給食セットを食べたあと、穏やかな瀬戸内海や昭和初期の街並み、レトロな木造校舎を眺めながら散策していると、知人の現役教師から聞いたある言葉が頭をよぎり、給食の始まりや役割について無性に知りたくなりました。

そこで今回は、給食の歴史をおさらいし、教師たちが直面する現在の給食の問題を見ていきます。最後には昔懐かしい給食や現在の給食を楽しむ方法についてもご紹介します。

給食の始まりと歴史

「二十四の瞳 映画村」教室(筆者撮影、以下同)


日本で給食が始まったのは今から130年以上も前の明治22年(1889年)、大日本帝国憲法が発布された年です。当時は貧しい家庭が多く、就学率も低かったため、山形県鶴岡町の大督寺(だいとくじ)が本堂の一部を利用して「私立忠愛小学校」を開校し、昼食を無料で提供したのが始まりとされています。

お弁当を持ってこられない子供たちのために、お坊さんたちが家々をまわってお金やお米をもらい、おにぎりや魚、漬物などを提供したというのですから頭が下がります。

給食の実施と食糧不足による自然中止

「二十四の瞳 映画村」昭和の街並み


給食発祥の地となった「私立忠愛小学校」は、残念ながら火災によって明治30年(1897年)に焼失していますが、給食制度は寄付金などをもとに戦争によって自然中止となるまで継続されました。

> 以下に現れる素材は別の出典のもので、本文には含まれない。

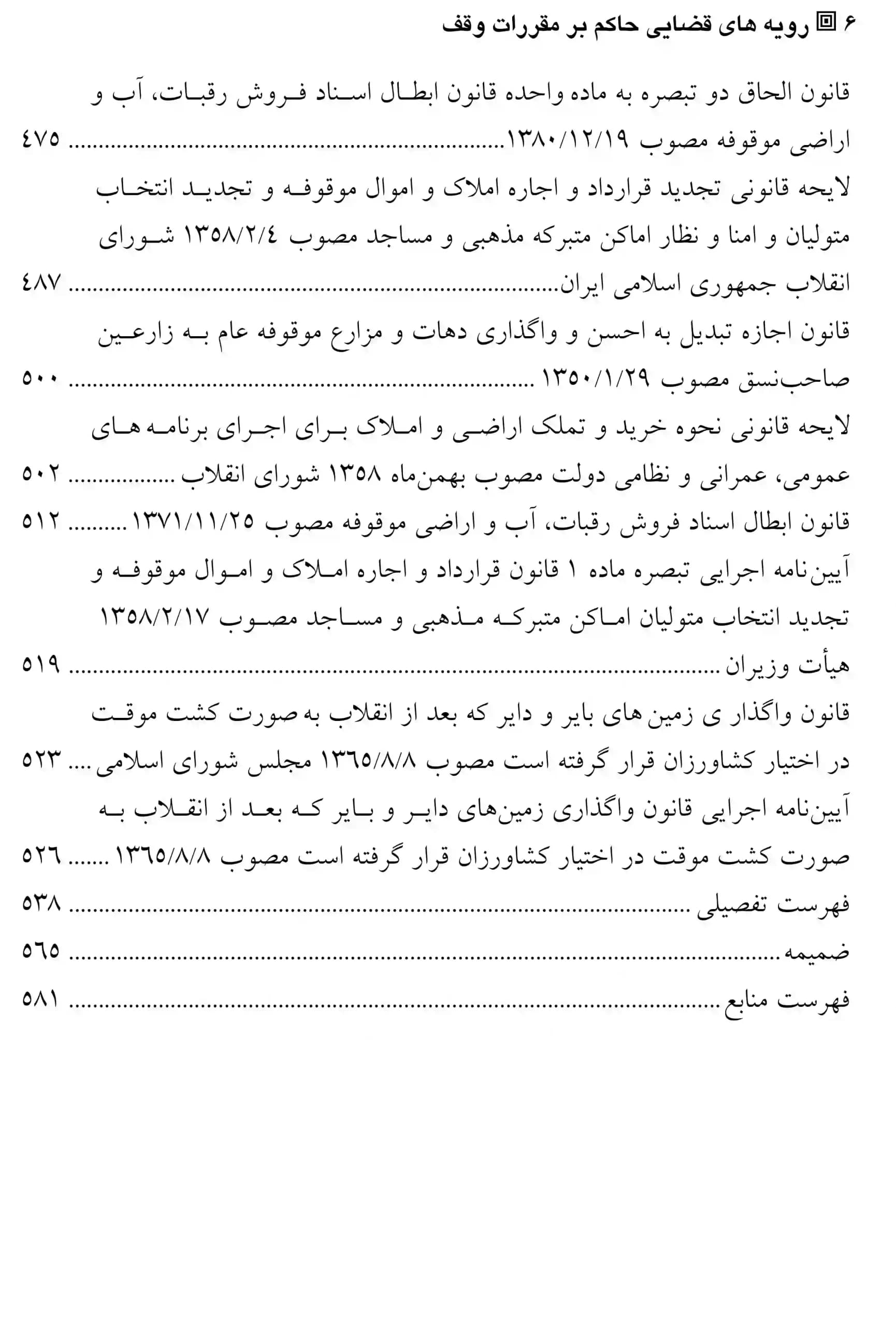 رویه های قضایی حاکم بر مقررات وقف محمد رضا حسینی — تصویر ۳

また、明治40年(1907年)には、広島県大草村義務奨励会による給食の提供が行われたほか、秋田県の小学校では貧困児童のための給食がスタート。その後、貧困児童の救済や栄養改善の目的で給食は全国に広まりました。

しかし、第二次世界大戦が太平洋戦争という局面を迎えた昭和16年(1941年)、食料不足が原因で全国的に給食が中止されてしまいます。例外として、栄養不足の児童には戦時中も無償で食事が提供されたこともあったようです。